GASLINK: Linking the GMES Pilot Atmospheric core Service (GAS) with the Stockholm Air Quality Service
Background and objectives
The Global Monitoring for Environment and Security (GMES) programme is specifically
committed to bring data from space-based and in-situ earth observation capacities to the
citizens of Europe. The objective is to introduce new services that make environmental and
security-related information available to the people who need it.
The FP7 MACC (phase 1 and 2 project “Monitoring Atmospheric Composition and
Climate”) will, at its end 2013, represent the pilot GMES Atmospheric core Service (GAS)

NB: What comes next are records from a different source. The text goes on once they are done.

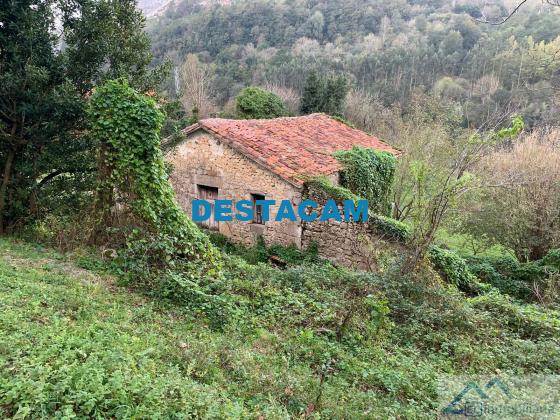 CASA  EN CANTABRIA,RIOTUERTO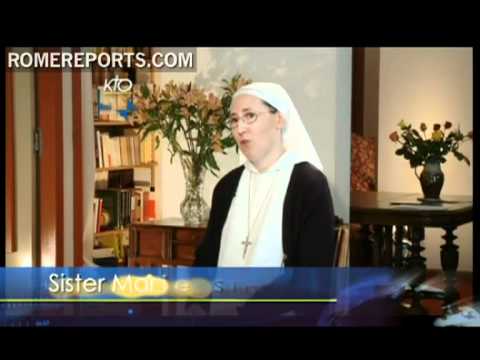 Click to Watch the Will Another Parkinson's Miracle Clear the Way for Canonization of John Paul II? video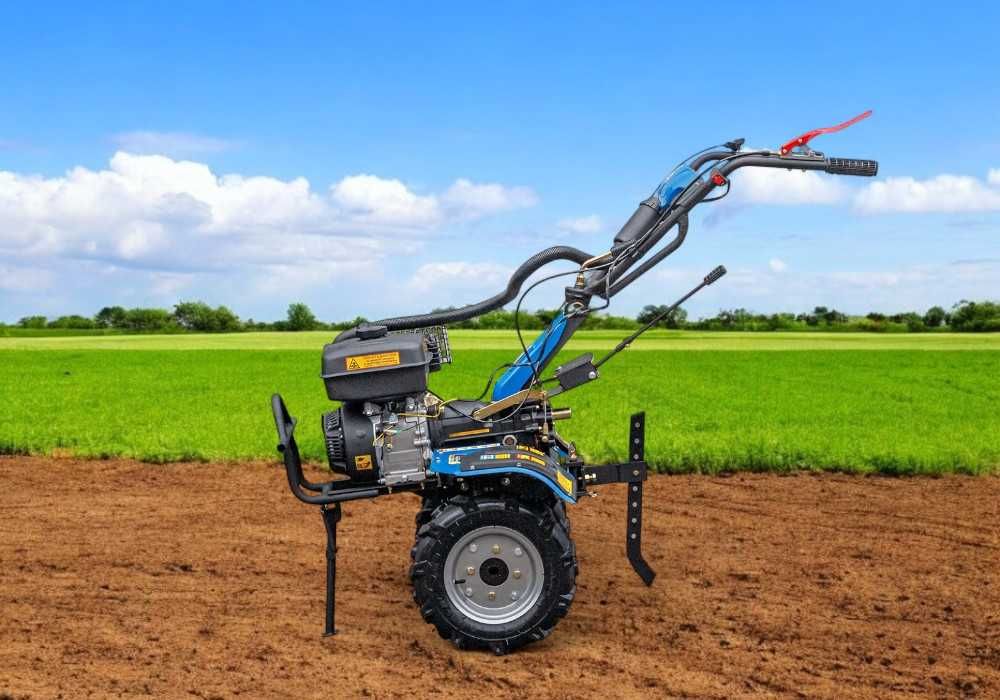 Мотоблок ДТЗ 570БН/М2-К | Бензин | +400 моделей | Доставка | ДЗВОНИ!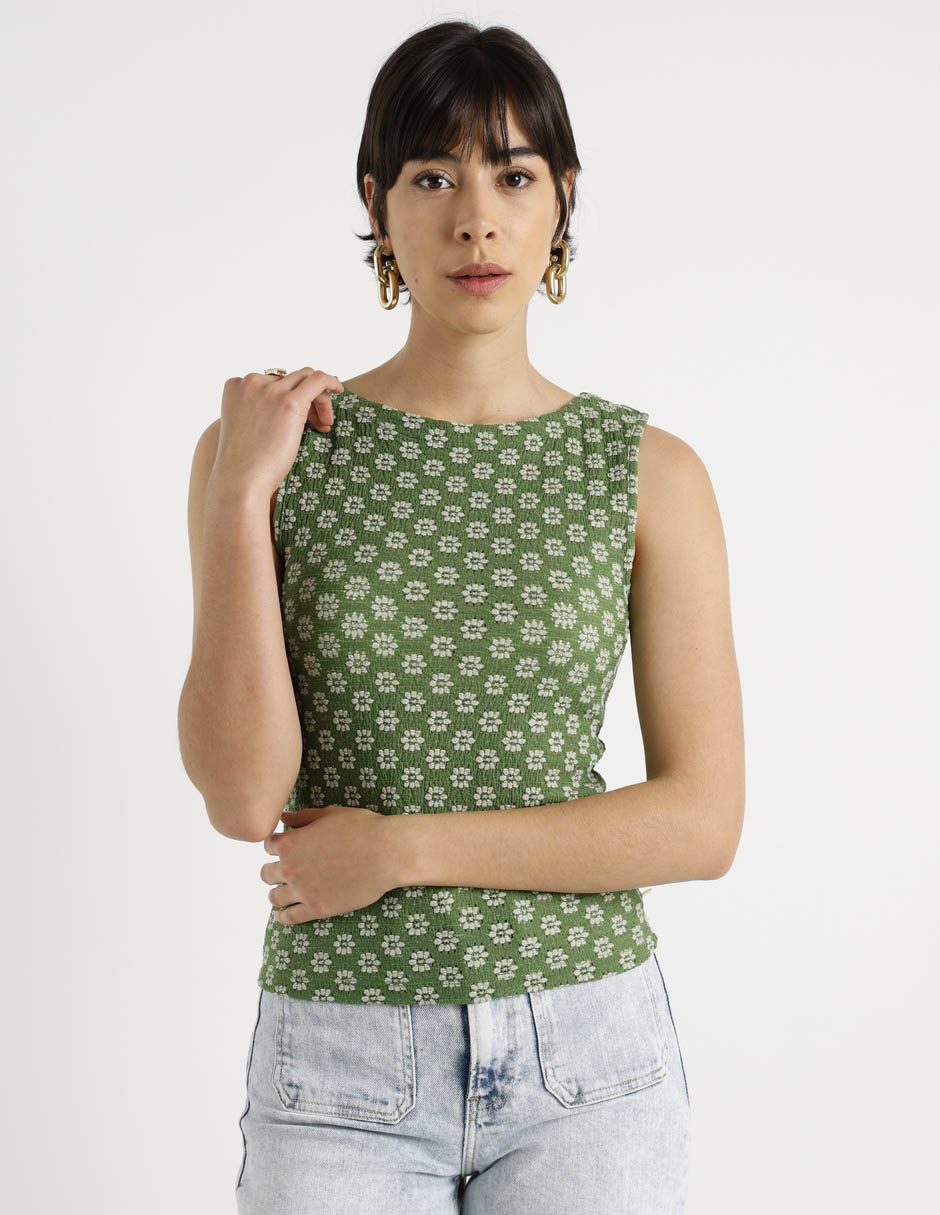 Blusa para mujer 1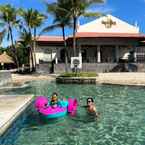 Review photo of Hard Rock Hotel Bali from Imam S.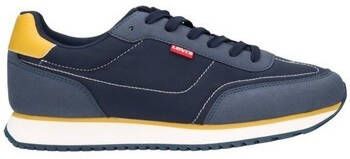 Levi's Sneakers Levis 234705 17 Hombre Azul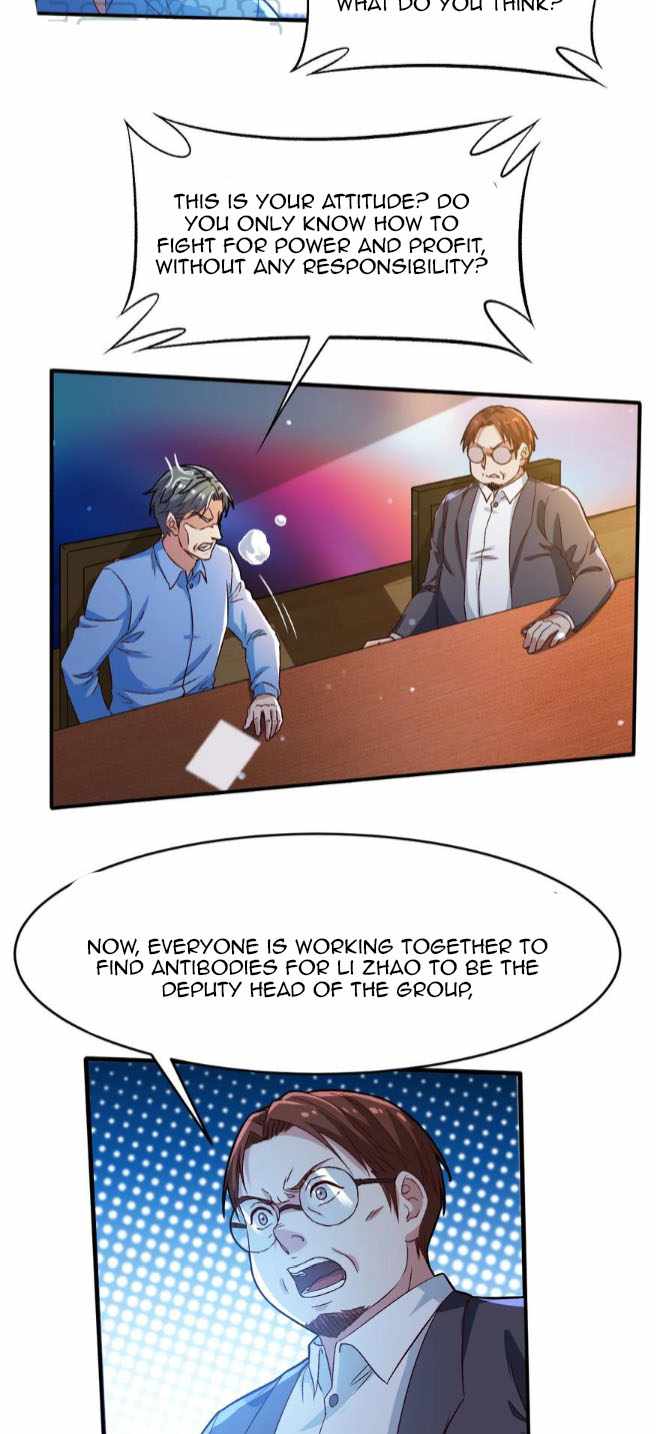 History’s Greatest Son-In-Law Chapter 52 - page 6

and bring online air quality data and forecasts to the European community. In MACC, seven
regional air quality models – of which one is SMHI’s MATCH model - are used to produce
an ensemble of air quality forecasts and atmospheric composition information on the
European scale. The present project GASLINK is linking the GMES Pilot Atmospheric core
Service (GAS) to the Stockholm Air Quality Service, establishing a downstream production
facility for air-quality forecasts on the urban scale.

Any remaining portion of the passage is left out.